Das "Wagnis der Verwundbarkeit" ist der eigentliche Kern von Weihnachten

"Wo bleibst du, Trost der ganzen Welt?", fragt Spee in der vierten Strophe seines Liedes. Selten war Trost so gefragt wie in diesem Jahr, da der Tod so gegenwärtig wurde, wo es so viele kleine und große Momente ungelebten Lebens gab, von der ausgefallenen Abifeier bis zum einsamen Sterben. Selten zeigte sich, wie schwer es ist, gut zu trösten, übers schulterklopfende "wird schon" hinaus. Guter Trost heißt: den Schmerz und den Verlust nicht verniedlichen, sondern das Untröstliche und Unerlöste aushalten, sich um des anderen willen den Himmel und das Herz zerreißen lassen, den Schrei wie den leisen Seufzer hören. Es heißt, sich selber verwundbar zu machen und verwunden zu lassen. Für Feiglinge ist das nichts.

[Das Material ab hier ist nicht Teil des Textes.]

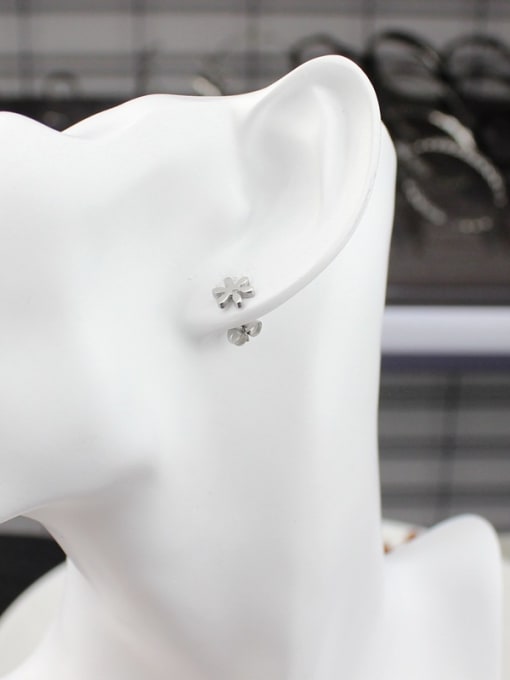 steel Delicate Flower Shaped High Polished Titanium Stud Earrings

Das ist die Chance dieses eigentümlichen Weihnachtsfests im fortgesetzten Advent: Seine bürgerliche Fassade hat was abgekriegt, die Inszenierung ist gescheitert, bevor sie angefangen hat, das Festkleid hängt in Fetzen. Eine gute Gelegenheit, zum Kern des Weihnachtsereignisses zu kommen, zum "Wagnis der Verwundbarkeit", wie es die Theologin Hildegund Keul genannt hat: Gott wird ein verletzliches Kind, der Erlöser ist in jeder Hinsicht angreifbar und imperfekt. Wer das feiern will, muss die eigenen Panzerungen zerbrechen, die Schlösser und Riegel der eigenen Sicherheitssysteme. Er muss sich Herz und Himmel zerreißen lassen, auch, weil ein Mensch ohne Risse und Brüche eine traurig hermetische Existenz bleibt. Er muss die Sinne schärfen, um wahrzunehmen, was ist mit dem anderen.

Je leiser man selber dabei bleibt, desto besser geht das.